Does the extra term vanish on the equations of motion?

3. Sep 27, 2013

### karlzr

That term is proportional to the current of the gaugino. But since all $D_\mu F^{a\mu\nu}$ terms have already been canceled, this current term doesn't vanish by itself.

4. Sep 27, 2013

### karlzr

Actually I do have this question. Is it ok if the infinitesimal transformation of lagrangian vanishes only after we apply the equations of motion to it? since I don't think so. I expect it vanishes off-shell.

5. Sep 27, 2013

### Korybut

Lagrangian should be invariant off-shell, you are right.

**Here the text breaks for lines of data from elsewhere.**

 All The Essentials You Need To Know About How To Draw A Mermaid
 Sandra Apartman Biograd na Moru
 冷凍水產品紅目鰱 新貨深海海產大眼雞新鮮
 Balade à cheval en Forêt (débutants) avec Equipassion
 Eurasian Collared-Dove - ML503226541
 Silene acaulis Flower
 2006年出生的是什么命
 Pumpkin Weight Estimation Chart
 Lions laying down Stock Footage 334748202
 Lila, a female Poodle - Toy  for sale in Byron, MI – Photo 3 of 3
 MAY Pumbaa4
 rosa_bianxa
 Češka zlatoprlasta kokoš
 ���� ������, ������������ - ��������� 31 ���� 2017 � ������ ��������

I am not an expert in this. But probably you need to introduce new field with purely algebraic equations of motion, like F in WZ model, just to cancel this term.

6. Sep 27, 2013

### karlzr

I think the $D^a$ is introduced to do the same thing as $F$ in WZ model. But this $D^a$ doesn't solve this problem. Many textbooks I know discussed the infinitesimal SUSY transformation of WZ lagrangian but not this SYM lagrangian.
Thanks though.
I guess I will check my calculation again. I couldn't think of a way to cancel the term containing three $\lambda$s.

7. Sep 27, 2013

### karlzr

I think I know what's going on there. The remaining term vanishes by itself by using Fierz identity.

Last edited: Sep 28, 2013
8. Sep 27, 2013

### Jim Kata

I think the answer to your question is related to the normed division algebras $$tri(\lambda)$$ law. It is also the reason SYM only takes place in dimensions 3,4,6,10 same with super strings and why there only superbranes in 4 different dimensions due to the fact there are only 4 normed division algebras. Check out this paper.
http://math.ucr.edu/home/baez/sym.pdf